Other denominations may not celebrate marriages: the Anglicans are banned by statute, the Methodists prohibited the blessing of same sex unions in 2006; the Baptists say that gay people should not suffer discrimination but may not extend this to marriage. That leaves Unitarians and Quakers.
The Marriage Act 1949 governs marriage in the Meeting: s47(1) No person who is not a member of the Society of Friends shall be married according to the usages of that Society unless he or she is authorised to be so married under or in pursuance of a general rule of the said Society in England. Each of the couple must declare that each of them is either a member of the Society of Friends or is in profession with or of the persuasion of that Society, or the Registrar must declare that there is such a rule.
So we need to amend our own rules, before we can offer gay marriages to people who are not attenders.

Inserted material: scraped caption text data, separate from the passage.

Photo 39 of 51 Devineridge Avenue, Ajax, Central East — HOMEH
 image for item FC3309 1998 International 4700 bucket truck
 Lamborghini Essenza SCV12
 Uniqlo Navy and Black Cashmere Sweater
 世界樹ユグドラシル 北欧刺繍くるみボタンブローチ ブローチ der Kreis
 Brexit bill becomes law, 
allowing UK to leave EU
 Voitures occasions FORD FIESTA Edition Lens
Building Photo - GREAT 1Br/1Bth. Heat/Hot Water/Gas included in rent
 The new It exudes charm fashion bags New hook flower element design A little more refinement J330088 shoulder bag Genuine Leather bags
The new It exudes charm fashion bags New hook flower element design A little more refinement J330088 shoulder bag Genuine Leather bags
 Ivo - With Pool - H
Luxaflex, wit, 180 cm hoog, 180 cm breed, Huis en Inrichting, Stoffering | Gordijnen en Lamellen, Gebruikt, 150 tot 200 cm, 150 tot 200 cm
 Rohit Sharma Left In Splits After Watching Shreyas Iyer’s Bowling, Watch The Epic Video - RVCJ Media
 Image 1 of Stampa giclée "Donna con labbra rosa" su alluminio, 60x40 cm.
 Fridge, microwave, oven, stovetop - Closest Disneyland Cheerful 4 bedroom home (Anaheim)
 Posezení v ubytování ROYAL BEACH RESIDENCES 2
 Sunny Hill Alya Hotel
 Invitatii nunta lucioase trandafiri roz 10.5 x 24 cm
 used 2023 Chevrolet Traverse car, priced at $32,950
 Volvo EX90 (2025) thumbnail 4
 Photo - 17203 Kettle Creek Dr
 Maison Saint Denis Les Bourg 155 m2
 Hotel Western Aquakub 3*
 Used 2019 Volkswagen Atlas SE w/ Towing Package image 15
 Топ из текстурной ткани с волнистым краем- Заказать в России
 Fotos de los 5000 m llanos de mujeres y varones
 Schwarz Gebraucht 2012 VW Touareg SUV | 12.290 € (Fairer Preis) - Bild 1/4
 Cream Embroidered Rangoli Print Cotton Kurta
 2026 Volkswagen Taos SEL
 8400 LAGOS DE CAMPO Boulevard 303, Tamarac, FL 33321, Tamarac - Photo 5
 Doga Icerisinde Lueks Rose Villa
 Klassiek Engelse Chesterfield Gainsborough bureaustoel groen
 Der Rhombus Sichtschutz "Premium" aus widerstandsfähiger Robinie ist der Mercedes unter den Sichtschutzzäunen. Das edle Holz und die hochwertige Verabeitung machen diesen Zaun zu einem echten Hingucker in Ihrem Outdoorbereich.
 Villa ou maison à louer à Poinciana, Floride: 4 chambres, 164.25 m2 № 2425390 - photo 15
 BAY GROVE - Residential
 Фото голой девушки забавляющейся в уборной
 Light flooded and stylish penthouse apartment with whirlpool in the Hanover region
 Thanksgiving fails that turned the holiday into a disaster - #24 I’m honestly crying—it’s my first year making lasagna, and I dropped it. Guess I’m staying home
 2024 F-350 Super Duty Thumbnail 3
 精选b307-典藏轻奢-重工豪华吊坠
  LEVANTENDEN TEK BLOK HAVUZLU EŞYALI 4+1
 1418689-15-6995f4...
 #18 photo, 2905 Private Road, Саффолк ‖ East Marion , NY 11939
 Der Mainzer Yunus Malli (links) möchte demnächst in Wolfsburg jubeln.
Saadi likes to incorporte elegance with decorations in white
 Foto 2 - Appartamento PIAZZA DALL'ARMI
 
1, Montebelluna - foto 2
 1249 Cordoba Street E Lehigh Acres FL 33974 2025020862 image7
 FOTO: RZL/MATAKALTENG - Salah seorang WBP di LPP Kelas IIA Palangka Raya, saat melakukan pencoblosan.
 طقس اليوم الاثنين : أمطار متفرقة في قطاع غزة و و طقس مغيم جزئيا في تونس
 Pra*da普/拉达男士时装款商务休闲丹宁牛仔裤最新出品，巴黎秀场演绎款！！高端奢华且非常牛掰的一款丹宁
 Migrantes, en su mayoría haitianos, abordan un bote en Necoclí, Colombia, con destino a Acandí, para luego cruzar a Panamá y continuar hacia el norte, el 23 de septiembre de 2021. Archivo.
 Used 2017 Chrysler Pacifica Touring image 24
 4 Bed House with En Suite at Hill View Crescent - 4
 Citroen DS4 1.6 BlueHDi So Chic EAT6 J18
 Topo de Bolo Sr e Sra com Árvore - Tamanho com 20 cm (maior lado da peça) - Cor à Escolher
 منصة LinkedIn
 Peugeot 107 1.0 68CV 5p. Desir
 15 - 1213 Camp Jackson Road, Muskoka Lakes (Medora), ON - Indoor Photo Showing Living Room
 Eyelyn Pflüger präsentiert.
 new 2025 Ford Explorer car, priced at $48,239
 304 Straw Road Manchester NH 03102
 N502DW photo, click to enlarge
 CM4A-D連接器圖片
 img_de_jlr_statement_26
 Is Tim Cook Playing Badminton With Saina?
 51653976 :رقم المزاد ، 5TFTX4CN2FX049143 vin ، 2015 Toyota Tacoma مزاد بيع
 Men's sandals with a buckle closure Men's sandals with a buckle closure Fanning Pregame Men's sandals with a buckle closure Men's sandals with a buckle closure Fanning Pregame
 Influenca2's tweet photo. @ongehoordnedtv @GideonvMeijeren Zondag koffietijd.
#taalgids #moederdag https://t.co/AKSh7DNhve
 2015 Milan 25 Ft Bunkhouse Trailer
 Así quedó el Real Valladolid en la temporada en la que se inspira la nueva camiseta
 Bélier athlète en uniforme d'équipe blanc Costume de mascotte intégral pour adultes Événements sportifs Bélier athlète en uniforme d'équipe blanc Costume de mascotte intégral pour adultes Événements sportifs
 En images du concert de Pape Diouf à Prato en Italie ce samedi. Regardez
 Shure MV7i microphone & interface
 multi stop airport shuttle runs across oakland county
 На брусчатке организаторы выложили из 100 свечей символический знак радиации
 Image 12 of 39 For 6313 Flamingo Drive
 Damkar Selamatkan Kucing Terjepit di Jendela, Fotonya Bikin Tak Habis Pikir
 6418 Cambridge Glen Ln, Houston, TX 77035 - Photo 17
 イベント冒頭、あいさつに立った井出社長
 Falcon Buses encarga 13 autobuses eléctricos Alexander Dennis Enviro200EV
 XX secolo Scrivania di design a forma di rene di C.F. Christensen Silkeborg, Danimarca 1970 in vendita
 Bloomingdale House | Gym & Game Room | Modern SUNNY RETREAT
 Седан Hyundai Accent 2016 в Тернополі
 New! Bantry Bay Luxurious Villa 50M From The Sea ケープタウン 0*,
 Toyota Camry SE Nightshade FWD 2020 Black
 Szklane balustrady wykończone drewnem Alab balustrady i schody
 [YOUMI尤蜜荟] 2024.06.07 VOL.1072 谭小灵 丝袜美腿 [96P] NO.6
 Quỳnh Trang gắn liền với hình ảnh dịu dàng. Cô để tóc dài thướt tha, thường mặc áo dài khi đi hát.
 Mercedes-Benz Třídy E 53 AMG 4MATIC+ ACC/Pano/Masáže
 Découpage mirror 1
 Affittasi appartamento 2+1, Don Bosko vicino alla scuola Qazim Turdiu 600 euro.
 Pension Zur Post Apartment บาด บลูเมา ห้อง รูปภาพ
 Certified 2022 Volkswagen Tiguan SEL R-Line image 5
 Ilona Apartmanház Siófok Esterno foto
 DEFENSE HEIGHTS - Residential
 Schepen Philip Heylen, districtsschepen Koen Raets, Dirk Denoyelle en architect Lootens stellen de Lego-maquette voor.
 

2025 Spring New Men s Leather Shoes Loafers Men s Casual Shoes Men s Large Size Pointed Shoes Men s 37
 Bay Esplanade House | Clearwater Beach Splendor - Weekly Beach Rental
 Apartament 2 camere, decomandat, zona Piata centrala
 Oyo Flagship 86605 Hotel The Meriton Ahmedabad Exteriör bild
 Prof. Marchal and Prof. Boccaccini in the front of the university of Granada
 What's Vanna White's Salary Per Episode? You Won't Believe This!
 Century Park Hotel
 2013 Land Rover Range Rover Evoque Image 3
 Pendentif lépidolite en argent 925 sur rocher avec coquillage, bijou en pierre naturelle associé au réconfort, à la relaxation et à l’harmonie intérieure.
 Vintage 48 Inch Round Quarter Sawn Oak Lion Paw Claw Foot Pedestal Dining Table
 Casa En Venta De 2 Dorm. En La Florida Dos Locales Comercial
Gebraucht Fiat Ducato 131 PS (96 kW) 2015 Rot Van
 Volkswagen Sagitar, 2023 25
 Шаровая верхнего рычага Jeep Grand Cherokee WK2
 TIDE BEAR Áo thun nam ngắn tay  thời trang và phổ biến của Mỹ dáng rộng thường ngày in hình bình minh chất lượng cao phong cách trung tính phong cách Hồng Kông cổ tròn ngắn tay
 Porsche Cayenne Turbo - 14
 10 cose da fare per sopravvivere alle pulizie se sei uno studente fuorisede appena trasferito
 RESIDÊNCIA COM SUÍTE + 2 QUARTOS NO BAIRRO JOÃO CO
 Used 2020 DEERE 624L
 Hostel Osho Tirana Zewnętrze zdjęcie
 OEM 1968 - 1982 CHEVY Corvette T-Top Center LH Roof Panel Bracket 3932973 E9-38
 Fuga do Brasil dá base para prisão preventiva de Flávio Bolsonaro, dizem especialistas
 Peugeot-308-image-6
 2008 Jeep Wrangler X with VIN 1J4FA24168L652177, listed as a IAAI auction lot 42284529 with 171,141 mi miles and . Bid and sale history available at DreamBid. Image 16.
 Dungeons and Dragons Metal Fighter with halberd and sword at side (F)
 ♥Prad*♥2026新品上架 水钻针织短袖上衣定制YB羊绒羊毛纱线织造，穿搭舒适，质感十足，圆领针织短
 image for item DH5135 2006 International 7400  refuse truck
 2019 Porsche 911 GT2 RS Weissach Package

Would such a rule be discriminatory? Discrimination is prohibited on the ground of sexual orientation, including “orientation towards persons of the opposite sex”: Equality Act 2010 s12. By s13, it would be direct discrimination: treating a straight couple less favourably- refusing to marry them- because of their orientation.
Does that rule apply to providing marriages? A person concerned with the provision of a service to the public must not discriminate (s29). So if we had a rule saying that gay couples with no real link to the Society could get married, but not straight couples, this would be unlawful. A straight couple refused a wedding in a Quaker meeting could claim damages in the county court. It is possible that those damages might be minimal: I do not have the research facilities to assess that.
Quakers have a distinguished history of disobeying the law when we consider we are following the leadings of the Holy Spirit. We would be offering a service to gay people which only the Unitarians would, apart from us. The Unitarians seem keen to marry non-members, and without our legal difficulties.
Of course we could open our marriage procedure completely, to straights as well. Perhaps we would have no take-up. But- the couple marrying stand to speak the vow in the way that we stand to give ministry: we feel moved by the Spirit. In other churches, the couple speak their own will. Having non-members marry in the Quaker meeting would change the nature of that marriage.